Instructions to follow:
Transcribe the lines below exactly. No image belongs in the transcription.

Given material:
============================================================

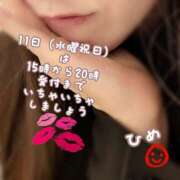 ヒメ日記 2026/02/10 23:10 投稿 ひめ マダム錦糸町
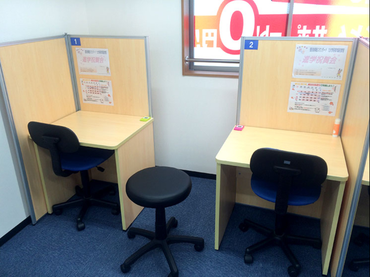 ＼シフト完全自由／★九大学研都市駅から徒歩で1分★週1コマ～ＯＫの個別指導塾講師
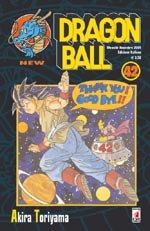couverture, jaquette Dragon Ball 42 Italienne - New Edition (Star Comics) Manga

============================================================

The answer:
 ヒメ日記 2026/02/10 23:10 投稿 ひめ マダム錦糸町
 ＼シフト完全自由／★九大学研都市駅から徒歩で1分★週1コマ～ＯＫの個別指導塾講師
couverture, jaquette Dragon Ball 42 Italienne - New Edition (Star Comics) Manga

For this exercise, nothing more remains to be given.